The first Monday of the month at noon is when the entire country gets to listen to a modern-day air raid siren, a test to make sure it’s all working in the event of a flood or if zombies ever become a thing. The government wants to replace it with NL-alert, which was the world’s text message-based emergency broadcast system, as well as use social media, websites and the radio to warn people, probably in Dutch only.

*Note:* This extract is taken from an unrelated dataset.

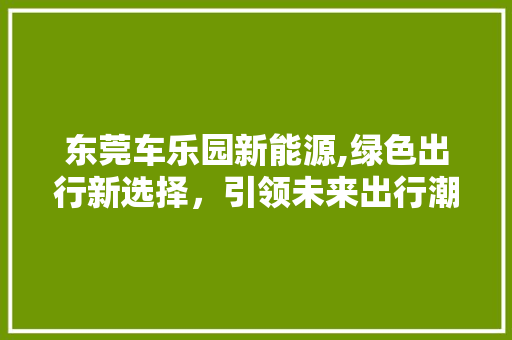 东莞车乐园新能源,绿色出行新选择，引领未来出行潮流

Webwereld.nl points out a host of problems with NL-alert: it still doesn’t work with 4G mobile phones and doesn’t always work if your phone is too new, too old or not configured to receive NL-alert. If your mobile network breaks down, you won’t get a warning, either. If you don’t own a mobile or if something happens in one town and you work in another, which is most of the Dutch population, you won’t get a message until your commute home and it could be too late. If you’re driving in your car where it’s illegal to use your phone and you’re not listening to the radio, you’ll find out much later as well. If you’re a person that turns off your mobile at night to get some decent sleep you also won’t get the message, as disasters would then really need to happen during the day.
And if you’re a visitor or a tourist with no mobile or a foreign network, the zombies will get you first.
Sure, if enough people know something bad is happening you’ll find out as well, but it’s still patchy. The current alarm system seems to be the only ‘old school’ way to warn almost everybody, but it does cost 4 million euro a year and doesn’t always work, either.